Taking Back Sunday

Taking Back Sunday's 'Tell All Your Friends' turns 20 - a look back on the emo landmark

As the ’90s came to a close, pop punk and nu metal ruled the airwaves, and as the new millennium began, urban-centric music critics were applauding The Strokes and their NYC peers for “saving rock” from those very things. But amidst all that, there was a new generation of (mostly suburban) kids who wanted something they could call their own, a new version of punk rock that was more intimate and personal than the stuff on TRL and less overtly retro than the Meet Me in the Bathroom scene. That thing was third wave emo, and one of the most pivotal albums to usher in emo’s third wave was Taking Back Sunday’s 2002 debut LP Tell All Your Friends, which turns 20 this Saturday (3/26).

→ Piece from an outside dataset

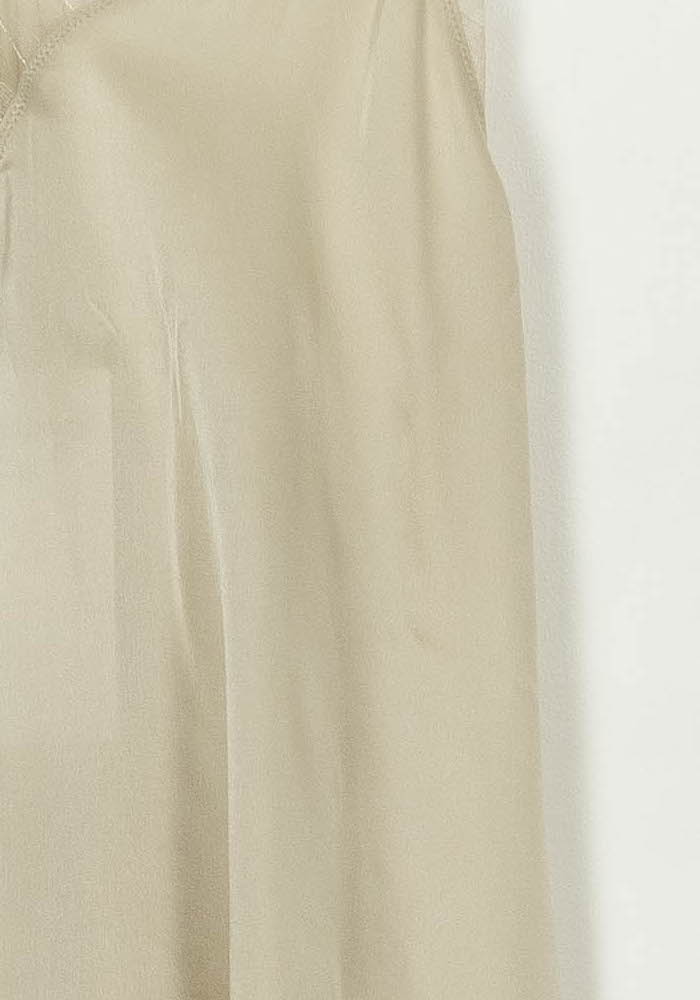 Top & tank top IRO - Seconde Main Beige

Emo began in DC, it took on new life after spreading to the Midwest, and the first emo band to have a hit song were from Arizona, but the third wave’s epicenter was Long Island, and the bands who emerged from that scene had a distinct LI flair rooted in their hometown’s rich, underground hardcore history. Things had been bubbling up on the island for a while; Silent Majority brought melody to LIHC with their 1997 album Life of a Spectator, which more or less spawned the entire Long Island emo boom, and Glassjaw, The Movielife, and Brand New had all released albums that helped bring national attention to the LI scene before Tell All Your Friends was released. Over in the spiritually similar region of New Brunswick, NJ; Thursday had broken out of the underground with 2001’s Full Collapse, an album that fused basement screamo with palatable clean singing and a whole lot of melodrama, and left the world thirsty for more bands that scratched a similar itch. The timing was ripe for someone to come along and really blow this whole thing up, which is exactly what Taking Back Sunday did.

Despite being a new band, Taking Back Sunday had some Long Island Hardcore royalty in their ranks. Guitarist and co-founder Eddie Reyes had already done time in Mind Over Matter, Clockwise, and Inside, and he had also co-founded The Movielife, but left shortly after their formation. When Eddie formed Taking Back Sunday in 1999, the band’s initial lead vocalist was former One True Thing bassist Antonio Longo. They put out two EPs with Antonio that gained some attention on a local level but not much else, and eventually Antonio and TBS parted ways. Without a lead singer, guitarist John Nolan and new bassist Adam Lazzara — who had moved from North Carolina to Long Island to join the band — each started writing songs for the band and planned to split vocal duties, but Eddie had other ideas. “Eddie was kinda like, ‘Adam’s gonna be the singer, we need a frontman and Adam can do it,'” John told us in a recent interview. “He just knew that was the way it should be.”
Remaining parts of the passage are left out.